South West Packaging – Biomass Heating Project

Project cost: £79,469

Estimated Savings: 72.2 tonnes of CO2 per year  / £14K per year*
*This saving was calculated by comparing to annual costs of an electric heating system, and takes into account RHI payments (DM to confirm)

Grant: £29,667.60

Equipment / Installer: Biomass Heater system with fuel store and buffer tank (bioheat), two fast-roller loading/unloading doors (supplier) – DM to confirm

The project: South West Packaging (SWP) is a family owned corrugated packaging manufacturer, based in North Dorset. With only 8 basic electric heaters, and extensive heat loss, the heating system and thermal efficiency of their factory and offices were in desperate need of upgrading.

In a bid to make their work place more comfortable, improve quality of storage, and reduce energy consumption, SWP installed a biomass heating system, and two fast-roller loading/unloading doors to minimise heat loss.

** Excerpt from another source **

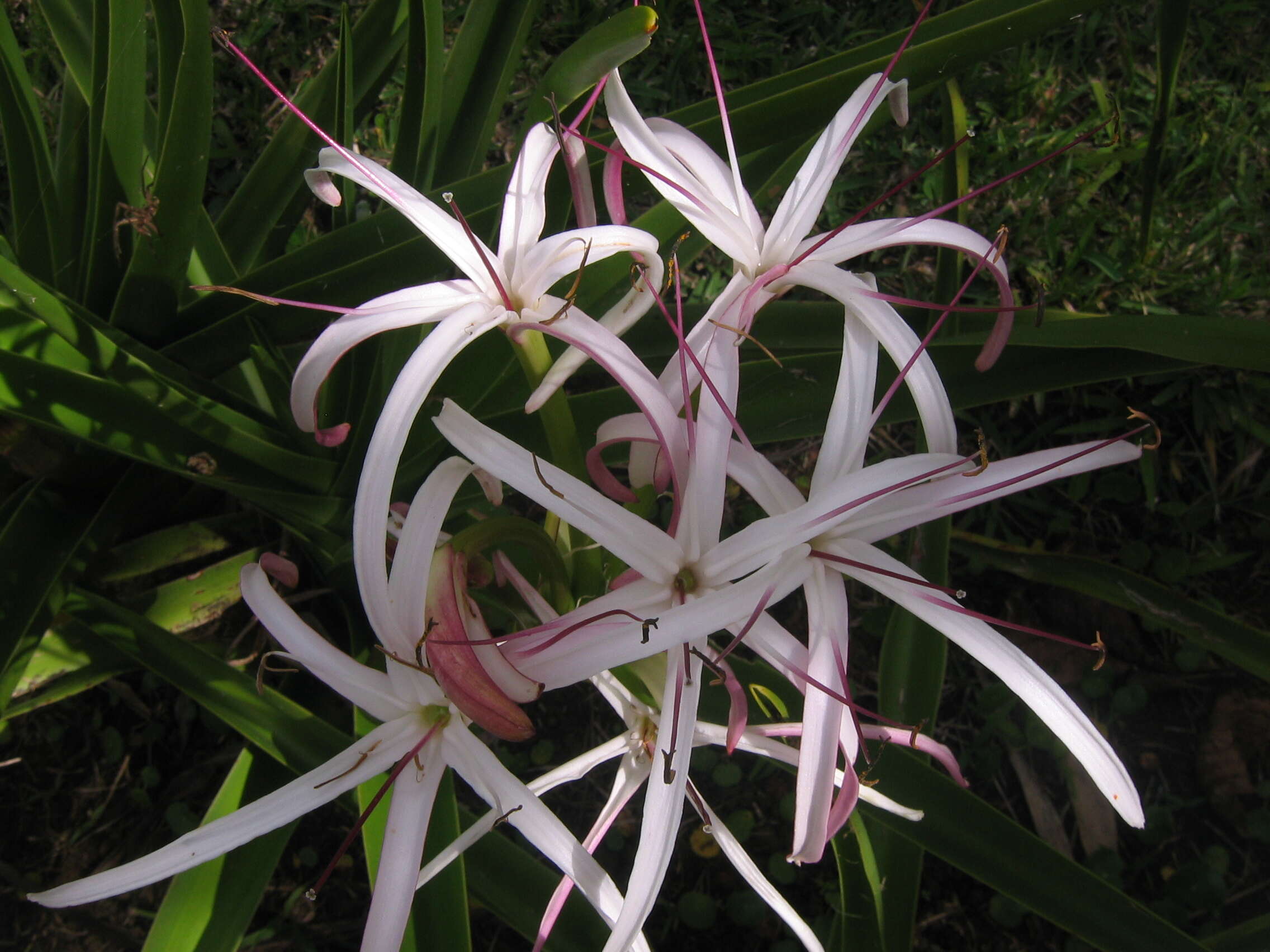 Image of Crinum mauritianum G. Lodd.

Getting started: After making the decision to explore the possibilities of a renewable energy heat source, SWP applied to Low Carbon Dorset for help to bring their project to life.

An initial energy report from Low Carbon Dorset provided SWP with a list of recommended measures that could help reduce their energy bills, improve their workspace and cut down on emissions. The report was packed with technical specifications, estimated return-on-investments, info on government subsidies and potential carbon savings.

Armed with this report SWP then set about prioritising which measures they wanted to install. A grant was available from Low Carbon Dorset to cover 40% of the project cost.

Biomass Heating System: A 90-kw wood pellet boiler was installed in the main factory. Existing electric radiators were replaced with a blown air system using heat provided by the biomass. Additional radiators were positioned in the offices, and canteen area to utilise the heat provided.

A buffer tank and pellet hopper were also installed on the premises. This required the construction a concrete slab and internal building to accommodate this.

Fast-roller loading/unloading doors: Two loading/unloading bay doors (previously left open during operating hours) were replaced with quick up and down insulated doors to ensure heat retention in the building.

Other recommendations:  With an extensive, and reasonably constant electricity demand and a large, unshaded, south-facing roof, solar PV was identified as an excellent fit for SWP. Due to budget constraints, and the company’s immediate requirement for heating they decided not to proceed with this recommendation. The opportunity for SWP to apply for a further grant from Low Carbon Dorset to carry out this recommendation will be available for the remaining duration of the programme.